[Records contained in a dataset]
· · ·

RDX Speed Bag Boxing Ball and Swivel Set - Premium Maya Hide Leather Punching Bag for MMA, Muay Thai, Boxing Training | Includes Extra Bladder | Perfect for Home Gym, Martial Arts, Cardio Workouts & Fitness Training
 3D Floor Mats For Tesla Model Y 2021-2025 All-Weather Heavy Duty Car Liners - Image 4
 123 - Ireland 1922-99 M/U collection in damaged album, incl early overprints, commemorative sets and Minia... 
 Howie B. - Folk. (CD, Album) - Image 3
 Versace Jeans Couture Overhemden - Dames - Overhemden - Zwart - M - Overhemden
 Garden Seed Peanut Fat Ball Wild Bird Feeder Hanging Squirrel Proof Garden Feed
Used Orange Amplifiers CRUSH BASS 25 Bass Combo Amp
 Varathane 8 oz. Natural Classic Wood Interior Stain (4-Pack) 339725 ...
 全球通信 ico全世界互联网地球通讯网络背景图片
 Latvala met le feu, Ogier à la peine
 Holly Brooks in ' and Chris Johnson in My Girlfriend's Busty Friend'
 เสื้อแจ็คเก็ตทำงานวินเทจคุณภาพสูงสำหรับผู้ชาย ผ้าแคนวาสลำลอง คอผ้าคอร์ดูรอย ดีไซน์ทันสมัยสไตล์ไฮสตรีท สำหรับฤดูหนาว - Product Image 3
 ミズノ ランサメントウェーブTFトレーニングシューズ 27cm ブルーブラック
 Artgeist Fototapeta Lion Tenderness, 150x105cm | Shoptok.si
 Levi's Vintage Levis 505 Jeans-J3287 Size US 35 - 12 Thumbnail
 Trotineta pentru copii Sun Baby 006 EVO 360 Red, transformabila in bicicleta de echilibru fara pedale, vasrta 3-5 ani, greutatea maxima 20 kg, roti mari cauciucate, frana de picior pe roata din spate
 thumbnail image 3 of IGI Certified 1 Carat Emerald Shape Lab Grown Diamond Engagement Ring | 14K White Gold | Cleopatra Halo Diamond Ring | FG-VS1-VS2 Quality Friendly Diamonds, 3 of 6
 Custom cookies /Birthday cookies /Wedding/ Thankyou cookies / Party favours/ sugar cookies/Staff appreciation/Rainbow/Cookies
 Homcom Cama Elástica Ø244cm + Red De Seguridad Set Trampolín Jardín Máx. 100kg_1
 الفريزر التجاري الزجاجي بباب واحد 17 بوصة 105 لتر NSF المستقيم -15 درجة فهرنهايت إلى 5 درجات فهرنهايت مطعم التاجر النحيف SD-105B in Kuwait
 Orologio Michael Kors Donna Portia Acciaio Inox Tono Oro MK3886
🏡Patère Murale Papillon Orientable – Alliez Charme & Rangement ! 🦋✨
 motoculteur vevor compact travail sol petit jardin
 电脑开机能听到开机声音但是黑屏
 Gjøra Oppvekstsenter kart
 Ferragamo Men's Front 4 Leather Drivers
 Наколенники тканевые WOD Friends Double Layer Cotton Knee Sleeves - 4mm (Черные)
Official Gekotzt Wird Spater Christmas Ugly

· · ·

> [TASK GOAL]
In full and without error, restate the data.

> [EXPECTED ANSWER]
RDX Speed Bag Boxing Ball and Swivel Set - Premium Maya Hide Leather Punching Bag for MMA, Muay Thai, Boxing Training | Includes Extra Bladder | Perfect for Home Gym, Martial Arts, Cardio Workouts & Fitness Training
 3D Floor Mats For Tesla Model Y 2021-2025 All-Weather Heavy Duty Car Liners - Image 4
 123 - Ireland 1922-99 M/U collection in damaged album, incl early overprints, commemorative sets and Minia... 
 Howie B. - Folk. (CD, Album) - Image 3
 Versace Jeans Couture Overhemden - Dames - Overhemden - Zwart - M - Overhemden
 Garden Seed Peanut Fat Ball Wild Bird Feeder Hanging Squirrel Proof Garden Feed
Used Orange Amplifiers CRUSH BASS 25 Bass Combo Amp
 Varathane 8 oz. Natural Classic Wood Interior Stain (4-Pack) 339725 ...
 全球通信 ico全世界互联网地球通讯网络背景图片
 Latvala met le feu, Ogier à la peine
 Holly Brooks in ' and Chris Johnson in My Girlfriend's Busty Friend'
 เสื้อแจ็คเก็ตทำงานวินเทจคุณภาพสูงสำหรับผู้ชาย ผ้าแคนวาสลำลอง คอผ้าคอร์ดูรอย ดีไซน์ทันสมัยสไตล์ไฮสตรีท สำหรับฤดูหนาว - Product Image 3
 ミズノ ランサメントウェーブTFトレーニングシューズ 27cm ブルーブラック
 Artgeist Fototapeta Lion Tenderness, 150x105cm | Shoptok.si
 Levi's Vintage Levis 505 Jeans-J3287 Size US 35 - 12 Thumbnail
 Trotineta pentru copii Sun Baby 006 EVO 360 Red, transformabila in bicicleta de echilibru fara pedale, vasrta 3-5 ani, greutatea maxima 20 kg, roti mari cauciucate, frana de picior pe roata din spate
 thumbnail image 3 of IGI Certified 1 Carat Emerald Shape Lab Grown Diamond Engagement Ring | 14K White Gold | Cleopatra Halo Diamond Ring | FG-VS1-VS2 Quality Friendly Diamonds, 3 of 6
 Custom cookies /Birthday cookies /Wedding/ Thankyou cookies / Party favours/ sugar cookies/Staff appreciation/Rainbow/Cookies
 Homcom Cama Elástica Ø244cm + Red De Seguridad Set Trampolín Jardín Máx. 100kg_1
 الفريزر التجاري الزجاجي بباب واحد 17 بوصة 105 لتر NSF المستقيم -15 درجة فهرنهايت إلى 5 درجات فهرنهايت مطعم التاجر النحيف SD-105B in Kuwait
 Orologio Michael Kors Donna Portia Acciaio Inox Tono Oro MK3886
🏡Patère Murale Papillon Orientable – Alliez Charme & Rangement ! 🦋✨
 motoculteur vevor compact travail sol petit jardin
 电脑开机能听到开机声音但是黑屏
 Gjøra Oppvekstsenter kart
 Ferragamo Men's Front 4 Leather Drivers
 Наколенники тканевые WOD Friends Double Layer Cotton Knee Sleeves - 4mm (Черные)
Official Gekotzt Wird Spater Christmas Ugly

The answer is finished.